Au final, Hannibal : Rome et Carthage offre un vrai défi stratégique avec des mécanismes historiquement corrects et une IA intéressante. Il est dommage que les premières heures soient rendues si ardues par des problèmes d’ergonomie, la plupart aisément évitables ou corrigeables.

  • Une IA correcte pour un jeu rapide à jouer.
  • Interface pas toujours pratique, prise en main des règles assez pénible.
Infos pratiques

Sortie : 21 septembre 2010.

Éditeur/développeur : Matrix Games / Forced March Games.

Prix éditeur : 34.99 € en téléchargement.

Site officiel : fiche chez Matrix. Une démo est disponible.

3 Commentaires

  1. Le design de la carte est vraiment d’une grande qualité artistique. Dommage que ça ne suive pas dans l’ergonomie.
    Merci au passage pour l’affichage complet des images, bien plus simple à mes yeux. Est-ce que vous pensez à mettre une note un jour ? À la lecture du test, j’ai un peu de mal à voir si le jeu mérite le détour, quel public est visé… (j’ai l’impression qu’il est trop costaud pour un amateur comme moi mais j’ai dû mal à me faire une idée).
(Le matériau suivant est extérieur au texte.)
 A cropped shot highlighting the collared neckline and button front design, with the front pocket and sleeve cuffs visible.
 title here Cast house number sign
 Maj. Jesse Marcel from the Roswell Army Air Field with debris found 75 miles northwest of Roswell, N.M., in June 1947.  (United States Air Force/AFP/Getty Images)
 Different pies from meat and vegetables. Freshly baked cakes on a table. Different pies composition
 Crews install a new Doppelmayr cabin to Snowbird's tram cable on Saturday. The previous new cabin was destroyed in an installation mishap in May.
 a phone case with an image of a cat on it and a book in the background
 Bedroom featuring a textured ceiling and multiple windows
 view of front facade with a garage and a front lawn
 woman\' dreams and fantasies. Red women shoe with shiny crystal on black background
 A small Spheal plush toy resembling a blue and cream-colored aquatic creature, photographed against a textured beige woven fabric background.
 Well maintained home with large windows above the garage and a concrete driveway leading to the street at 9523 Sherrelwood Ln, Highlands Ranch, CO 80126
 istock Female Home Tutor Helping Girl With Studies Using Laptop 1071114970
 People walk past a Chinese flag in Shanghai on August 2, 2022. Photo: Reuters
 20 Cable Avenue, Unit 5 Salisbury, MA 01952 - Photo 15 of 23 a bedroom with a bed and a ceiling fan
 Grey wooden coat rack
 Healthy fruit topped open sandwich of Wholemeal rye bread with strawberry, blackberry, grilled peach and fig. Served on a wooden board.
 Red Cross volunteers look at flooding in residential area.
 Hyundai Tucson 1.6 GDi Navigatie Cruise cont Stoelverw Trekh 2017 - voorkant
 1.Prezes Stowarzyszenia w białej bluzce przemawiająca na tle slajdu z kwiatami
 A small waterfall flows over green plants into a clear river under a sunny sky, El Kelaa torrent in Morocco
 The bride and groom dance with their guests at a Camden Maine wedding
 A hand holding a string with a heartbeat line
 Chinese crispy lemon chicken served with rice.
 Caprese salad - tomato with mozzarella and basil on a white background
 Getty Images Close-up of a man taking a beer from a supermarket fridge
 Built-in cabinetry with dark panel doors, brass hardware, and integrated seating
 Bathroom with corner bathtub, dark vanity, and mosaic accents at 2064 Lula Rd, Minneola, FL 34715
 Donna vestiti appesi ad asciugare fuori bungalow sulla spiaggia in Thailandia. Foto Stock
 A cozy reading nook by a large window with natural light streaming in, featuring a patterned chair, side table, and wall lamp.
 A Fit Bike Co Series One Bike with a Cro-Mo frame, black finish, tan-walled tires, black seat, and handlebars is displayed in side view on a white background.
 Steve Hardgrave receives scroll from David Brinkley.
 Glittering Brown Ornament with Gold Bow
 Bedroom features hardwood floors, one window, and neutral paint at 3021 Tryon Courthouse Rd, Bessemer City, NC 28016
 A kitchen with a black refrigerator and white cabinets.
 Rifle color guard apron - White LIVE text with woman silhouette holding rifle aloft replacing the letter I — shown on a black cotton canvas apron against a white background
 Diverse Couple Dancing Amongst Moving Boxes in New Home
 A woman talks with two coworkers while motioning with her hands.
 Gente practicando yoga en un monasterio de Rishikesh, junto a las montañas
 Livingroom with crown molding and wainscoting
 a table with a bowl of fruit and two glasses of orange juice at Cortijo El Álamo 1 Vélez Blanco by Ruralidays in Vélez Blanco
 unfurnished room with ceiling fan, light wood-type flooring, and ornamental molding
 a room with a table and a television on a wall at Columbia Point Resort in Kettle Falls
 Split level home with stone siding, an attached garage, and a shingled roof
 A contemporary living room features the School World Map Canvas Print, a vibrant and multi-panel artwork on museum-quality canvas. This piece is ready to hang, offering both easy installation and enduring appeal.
  2. Quel public est visé ? Ce n’est pas un monster game, on ne gère que quelques armées, et les parties durent 2 ou 3 heures au maximum, donc plutôt un profil « petit joueur » (ce n’est pas péjoratif pour moi). Les mécanismes imposent/autorisent une forte vraisemblance historique, donc le jeu plaira aux joueurs qui aime la période et préfèrent rester proche de la réalité. Enfin un jeu difficile d’apprentissage, qui peut rebuter les dilettantes (et je crains que la démo ait surtout servi de repoussoir). Enfin bref, si tu es prêt à ta coltiner les règles, et que tu veuilles tester « rapidement » les stratégies qu’Hannibal auraient pu tenter, c’est ton jeu. Sinon, passe ton chemin.